Co za czasy! Nic już nie jest pewne - ani pogoda latem, ani
wierność żony, ani stabilność akcji dotcomów. W dodatku dowiadujemy
się właśnie, że badania za pomocą detektorów kłamstw nie są
wiarygodnym testem prawdomówności i nie powinny być stosowane
do wykrywania potencjalnych szpiegów! Takie oświadczenie wyszło
od ekspertów z amerykańskiej Narodowej Akademii Nauk. Wartość
maszyn do wykrywania kłamstw, czyli tzw. wariografów, od dłuższego
czasu jest kwestionowana, ale dopiero teraz wypowiedzieli
się w tej sprawie naukowcy z grona, które zrzesza najwybitniejszych
specjalistów w USA i sporządza raporty dla rządu w sprawach
zastosowań nauki.
W raporcie wykonanym na zamówienie Ministerstwa Energetyki,
które zarządza m.in. amerykańskim arsenałem atomowym, eksperci
z Akademii negatywnie ocenili przydatność wykrywaczy kłamstw
przy selekcji kandydatów do pracy w laboratoriach nuklearnych.
Do zamówienia raportu skłoniły resort kontrowersje wokół oskarżenia
o szpiegostwo pewnego specjalisty z laboratorium atomowego
w Loz Alamos. Wen Ho Lee został oskarżony, bo - jak mu powiedziano
- nie przeszedł testu z wariografem, chociaż później przyznano,
że wynik nie był jednoznaczny. W amerykańskim resorcie energetyki
wybrano potem do przetestowania z wykrywaczem kłamstw prawie
1600 osób, pracujących przy programach objętych tajemnicą
państwową. Wiele testów dało wynik "fałszywie pozytywny",
co sprawiło, że część pracowników na znak protestu zwolniła
się z pracy.
Wynalezione w latach 40. XX wieku maszyny do wykrywania kłamstw
badają rozmaite zmiany fizjologiczne, które są reakcją na
serię pytań: wahania rytmu serca, oddechu czy ciśnienia krwi.

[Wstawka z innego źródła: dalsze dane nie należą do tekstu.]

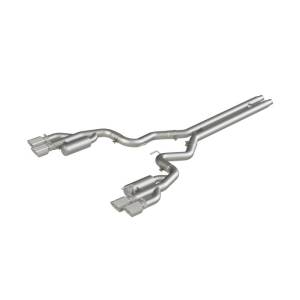 MBRP - MBRP 18-19 Ford Mustang GT 5.0 3in Cat Back Quad Tip Race Version - T304 - S7207304 - Image 2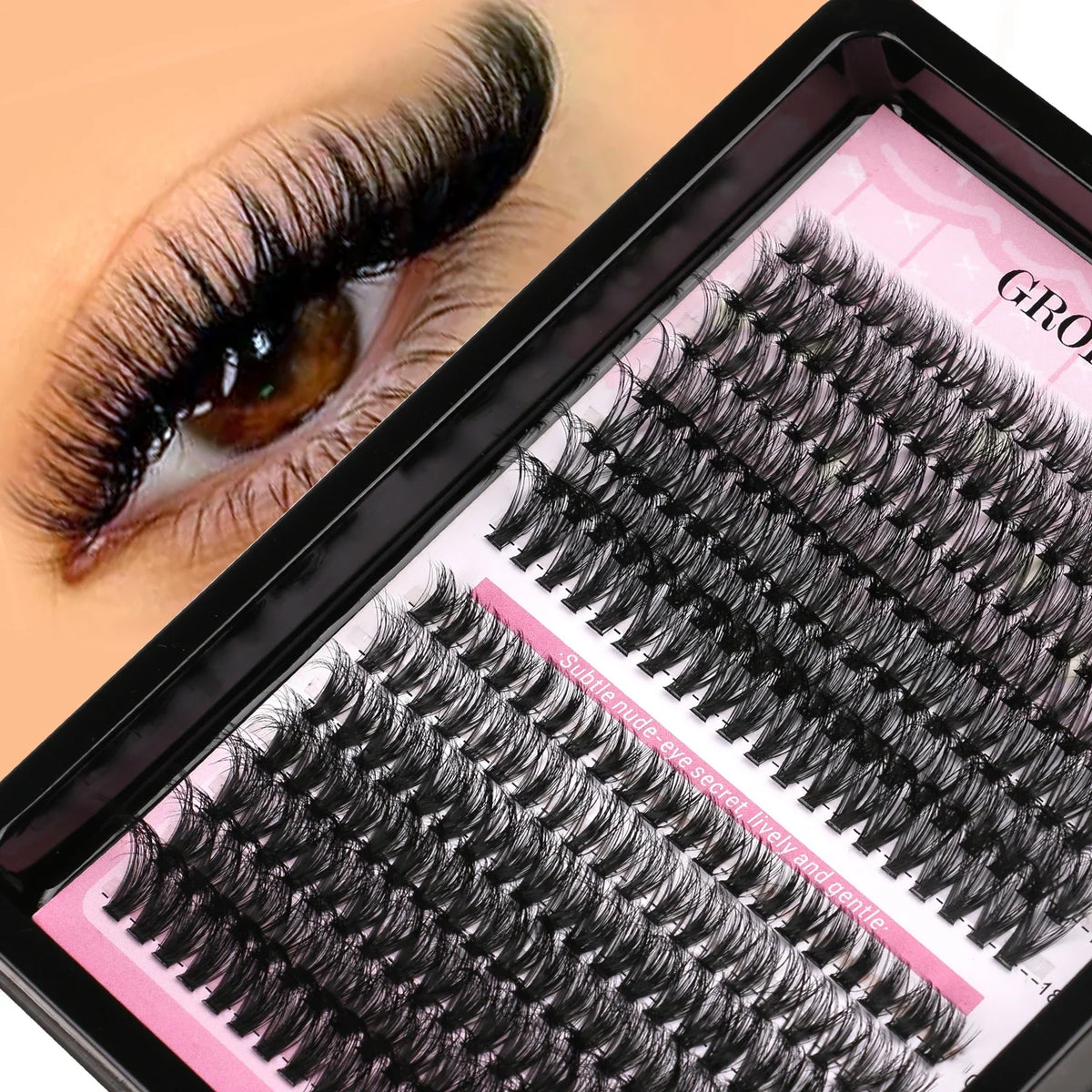 Wispy Eyelash Clusters Eyelash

To wszystko może być bowiem sygnałem napięcia czy niepokoju.
Użycie wykrywacza kłamstw zakłada, że ludzie, którzy kłamią,
są w stanie napięcia emocjonalnego, co powoduje u nich określone
zmiany w funkcjonowaniu ich organizmów.
Po podłączeniu badanego do aparatu zadaje się serię pytań
kontrolnych w celu wykalibrowania urządzenia i ustanowienia
punktów odniesienia do interpretacji właściwych pytań. Pytania
kontrolne to np. Czy był Pan na Mount Everest? lub Czy nazywa
się Pan Jan Nowak?. Na pytania w czasie testu na poligrafie
odpowiada się tak lub nie. Po zadaniu pytań kontrolnych następuje
właściwy test. Gdy badany kłamie, mierzone parametry rosną.
W sądach w USA na ogół nie uznaje się wyników takich testów
jako dowodu winy oskarżonego, gdyż osoby niewinne często nie
przechodzą takiej próby. Wiadomo też, że niektórzy przestępcy,
a zwłaszcza doświadczeni agenci wywiadu, potrafią "oszukać"
detektory kłamstw. Próba z wariografem nie wykazała na przykład
kłamstw w czasie testów, jakim poddawano osławionego szpiega
Aldrzicha Amesa, odsiadującego karę dożywocia za przekazywanie
amerykańskich tajemnic KGB i wywiadowi rosyjskiemu.
Dla nas to i tak raczej bajka o żelaznym wilku. W Polsce
wykrywacze kłamstw stosuje się niezwykle rzadko. Pozostaje
jedynie kwestia powszechnej niepewności. I bezkarnego kłamania.